El desierto, dicen, no perdona el olvido. Las imágenes del polvo levantado por los camiones españoles al partir se quedaron grabadas en sus memorias como una herida abierta. “He soñado muchas noches con aquel atardecer.
Veía cómo el sol caía sobre el campamento, y yo sabía que era la última vez que vería ese cielo”, confiesa Ramírez. “El Sáhara no era solo arena. Era una parte de nuestras vidas. Y nos lo arrancaron de golpe”.
Hoy, cinco décadas después, España sigue ligada al Sáhara por una cadena invisible de historia, promesas incumplidas y memorias compartidas.
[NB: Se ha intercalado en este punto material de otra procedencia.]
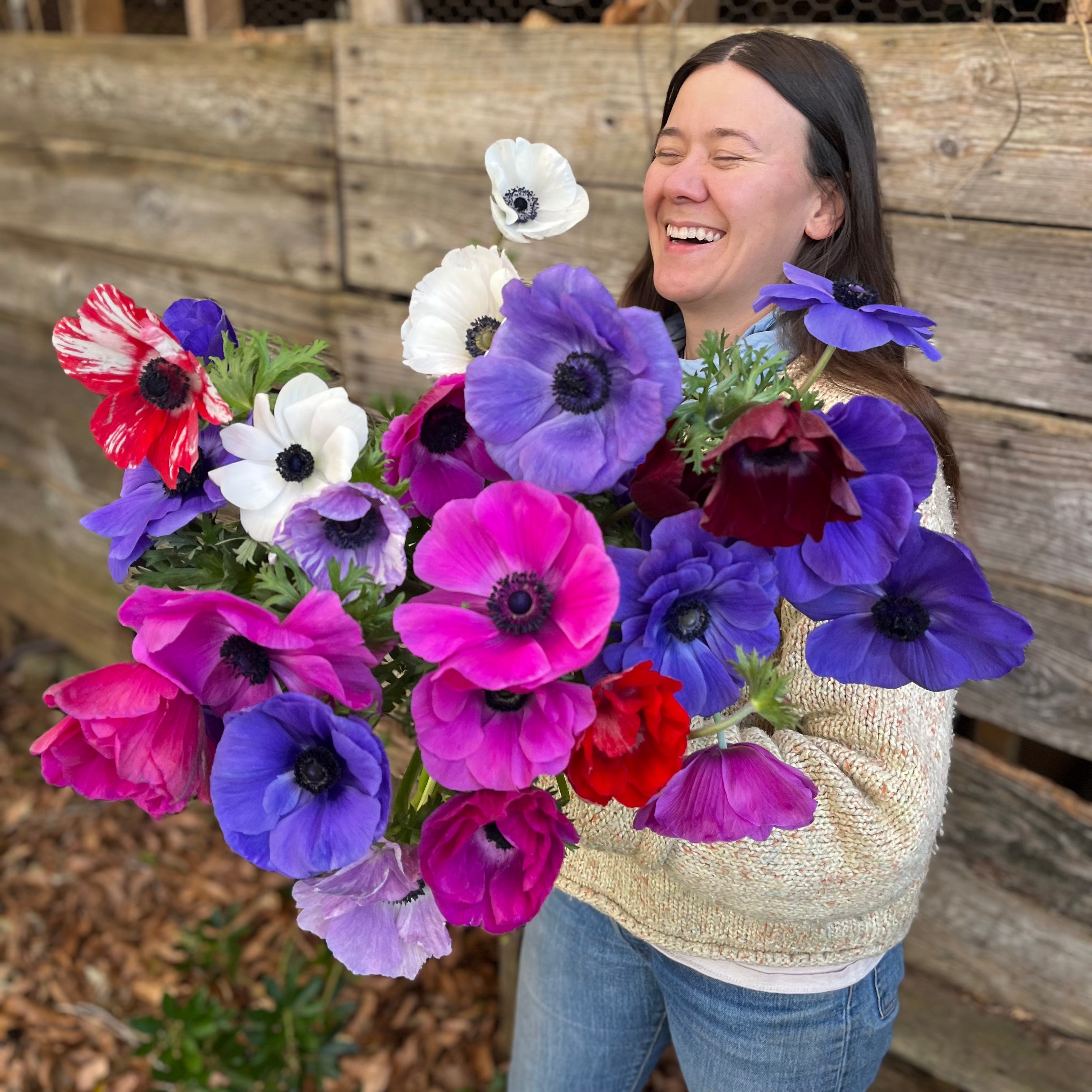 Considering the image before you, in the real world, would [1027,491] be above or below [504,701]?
below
Los viejos soldados, ya ancianos, saben que su tiempo se agota, pero insisten en que lo vivido no puede borrarse.
“Ojalá algún día alguien escuche nuestra historia sin miedo, sin política, solo como lo que fue: el final de una lealtad, el principio de un olvido”, dice Martín mientras aprieta el bastón con fuerza.
Quizá por eso, cada aniversario de la Marcha Verde, vuelve el mismo sentimiento. No es nostalgia, dicen, sino una mezcla de orgullo y tristeza.
Orgullo por haber servido, tristeza por cómo terminó todo. “Nos fuimos con la cabeza alta, pero con el corazón roto. Y eso, ni en mil vidas, se olvida”.